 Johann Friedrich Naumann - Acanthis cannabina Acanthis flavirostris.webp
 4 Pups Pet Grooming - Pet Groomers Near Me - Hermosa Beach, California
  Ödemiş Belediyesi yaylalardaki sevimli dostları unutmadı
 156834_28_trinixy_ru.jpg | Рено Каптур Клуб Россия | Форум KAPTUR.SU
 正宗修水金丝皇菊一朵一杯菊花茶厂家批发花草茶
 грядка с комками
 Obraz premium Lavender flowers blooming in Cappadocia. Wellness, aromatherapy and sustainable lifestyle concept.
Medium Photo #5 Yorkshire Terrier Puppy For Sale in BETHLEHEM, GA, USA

--

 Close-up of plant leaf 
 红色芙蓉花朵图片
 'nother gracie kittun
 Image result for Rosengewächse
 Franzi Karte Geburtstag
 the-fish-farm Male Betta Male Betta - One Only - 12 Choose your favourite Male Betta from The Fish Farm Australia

* * *

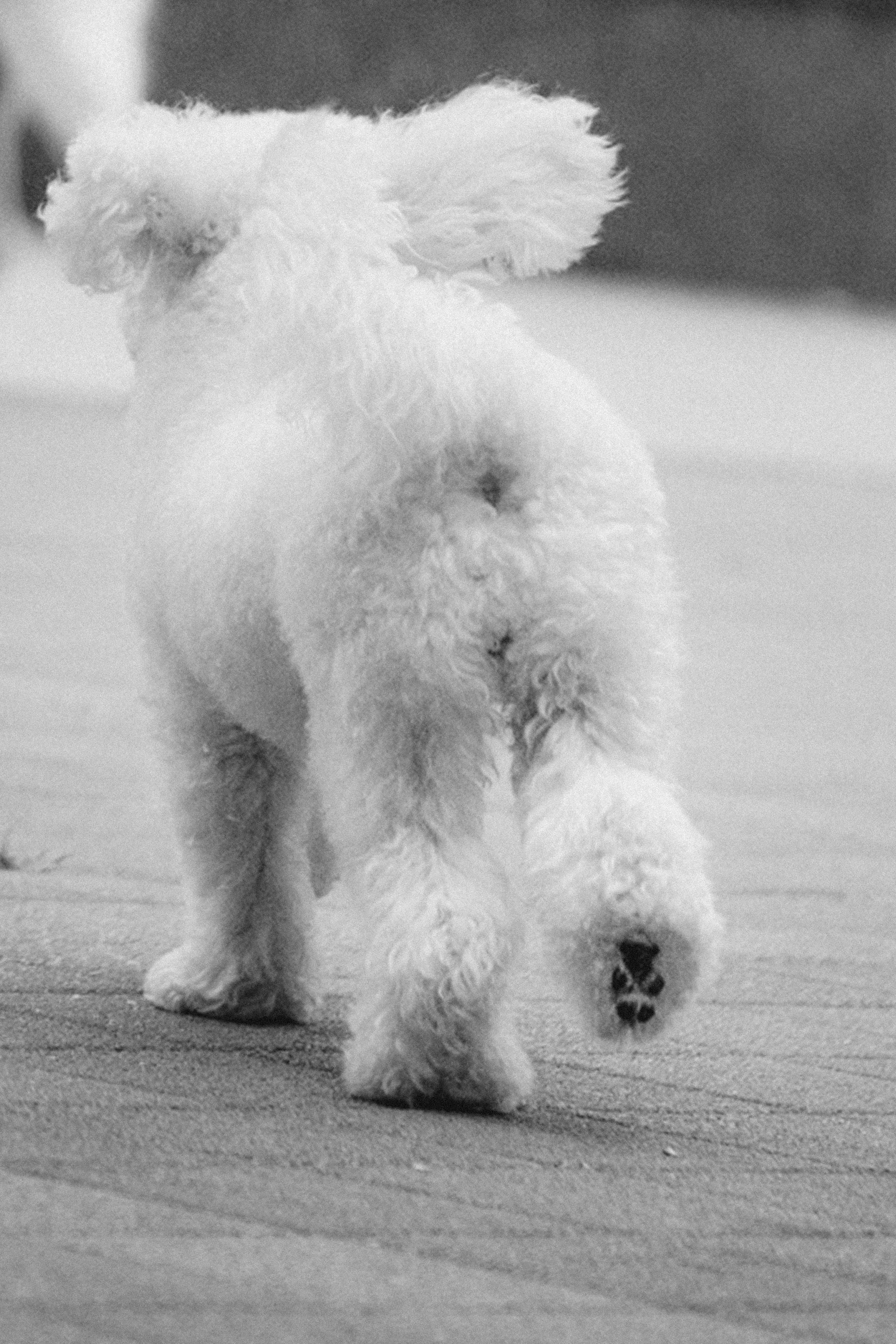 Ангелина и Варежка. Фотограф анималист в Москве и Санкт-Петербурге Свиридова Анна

**What you need to do:**
In the listing above, the lines from the one containing "Obraz premium Lavender" through the one containing "Medium Photo #5" must be set down exactly, with no other lines.

**Output:**
 Obraz premium Lavender flowers blooming in Cappadocia. Wellness, aromatherapy and sustainable lifestyle concept.
Medium Photo #5 Yorkshire Terrier Puppy For Sale in BETHLEHEM, GA, USA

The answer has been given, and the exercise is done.